*** Opening PROVIDED DATA ***
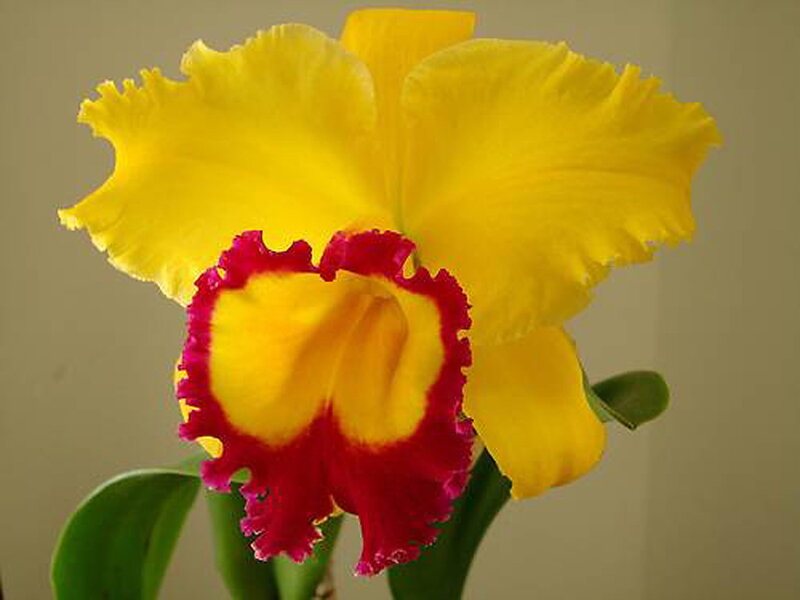 Yellow and Red Orchid — Calm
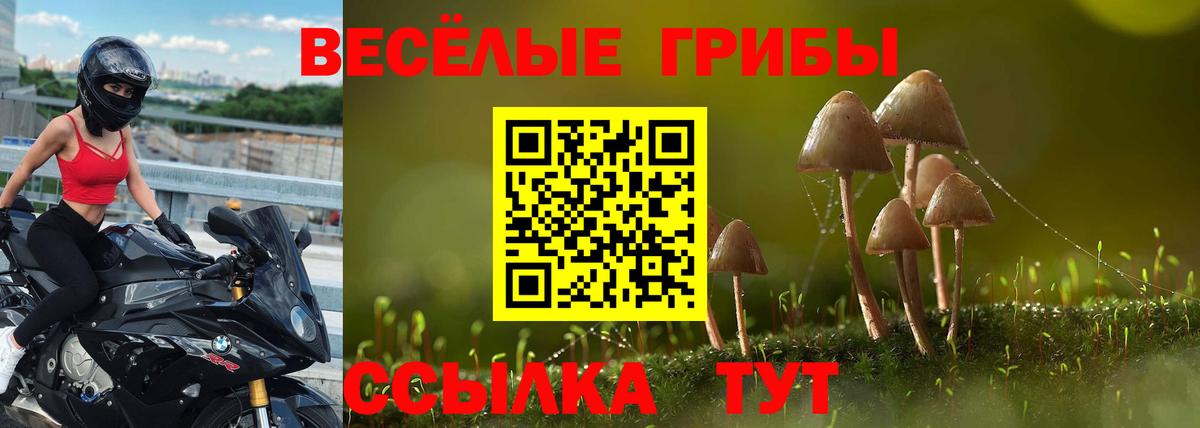 Углич  Псилоцибиновые грибы Psilocybe  Вход с VPN  Галлюциногенные грибы прущие грибы 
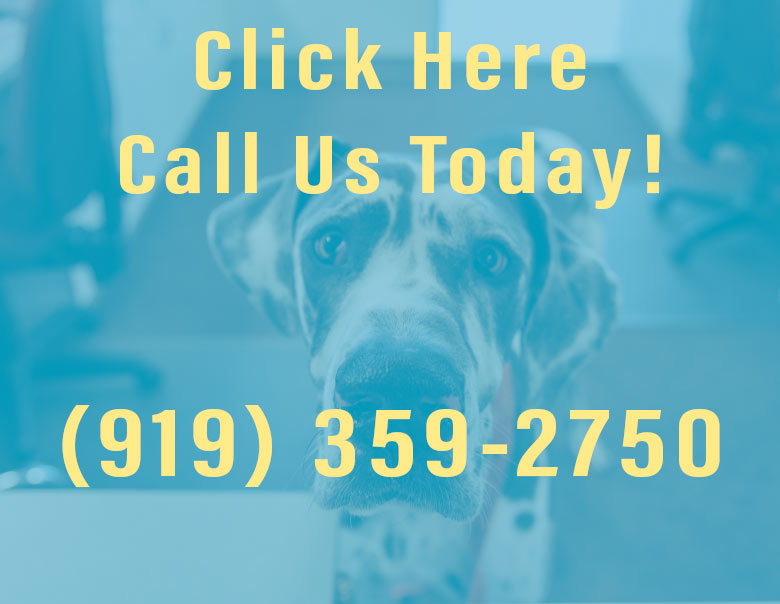Full-Service Pet Hospital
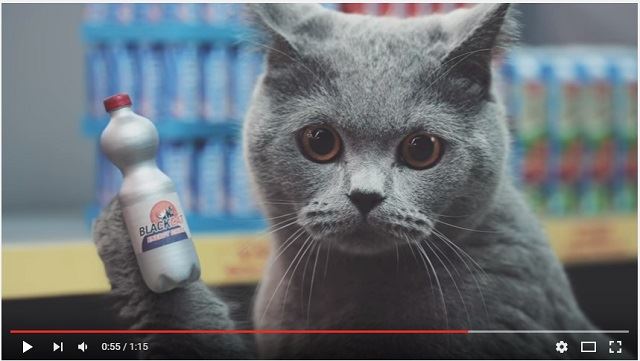 【ドイツ】スーパーマーケットCMで超かわいい猫ちゃんたちが大人気！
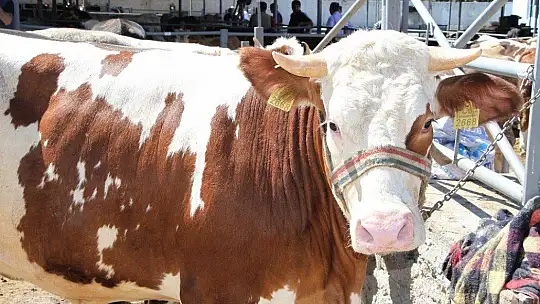 Kurban pazarında son gün yoğunluğu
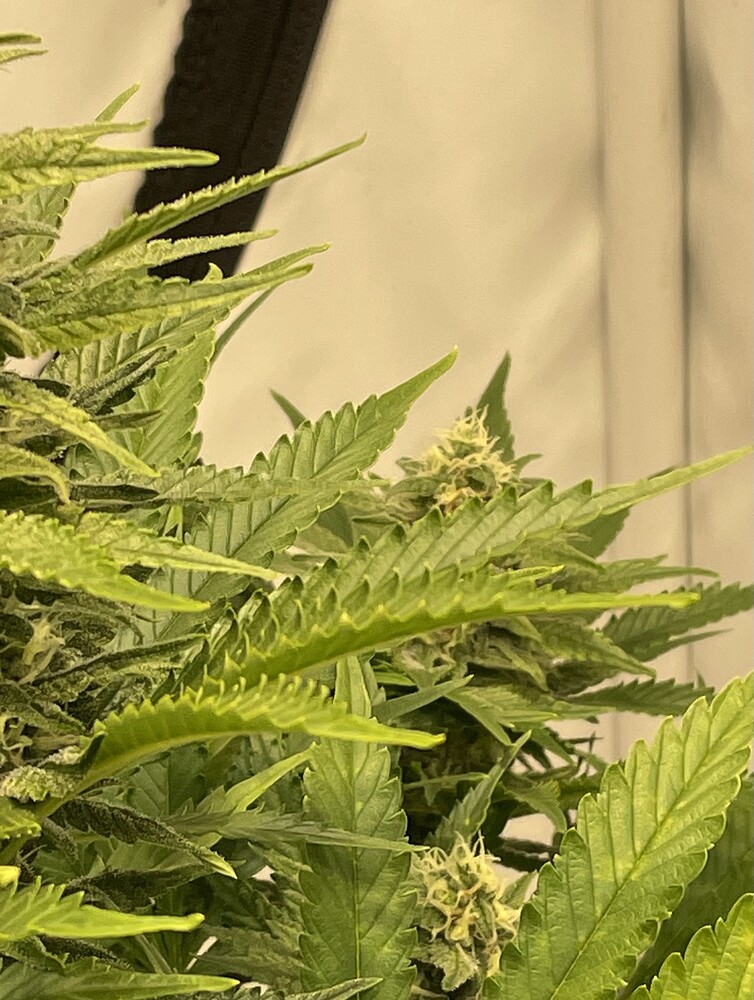 Turbo (CO2- super Lemon haze)- ein kurzer Report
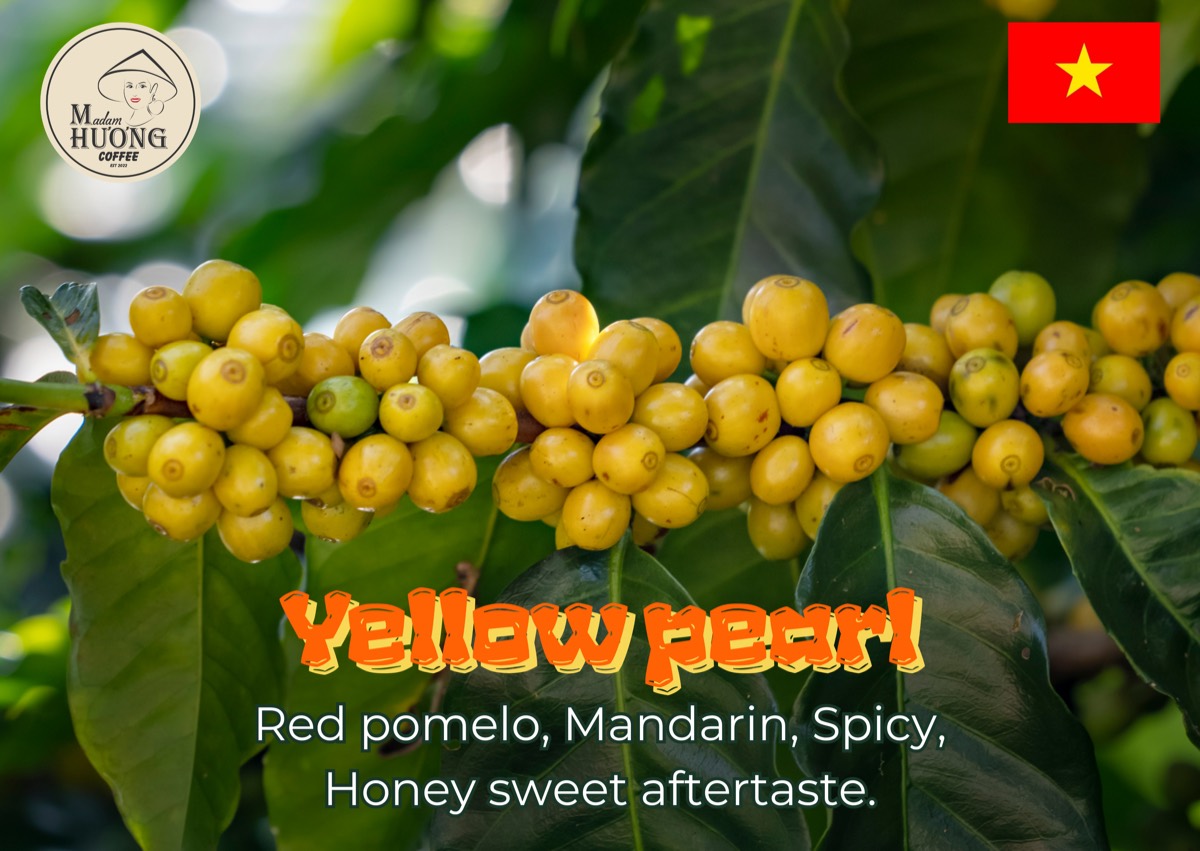 “Yellow Pearl” — 1/3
*** Closing PROVIDED DATA ***
Leave out every picture, and write out exactly the lines from the one with "Full-Service Pet Hospital" through the end of the records above, both ends included.

Full-Service Pet Hospital
 【ドイツ】スーパーマーケットCMで超かわいい猫ちゃんたちが大人気！
 Kurban pazarında son gün yoğunluğu
 Turbo (CO2- super Lemon haze)- ein kurzer Report
 “Yellow Pearl” — 1/3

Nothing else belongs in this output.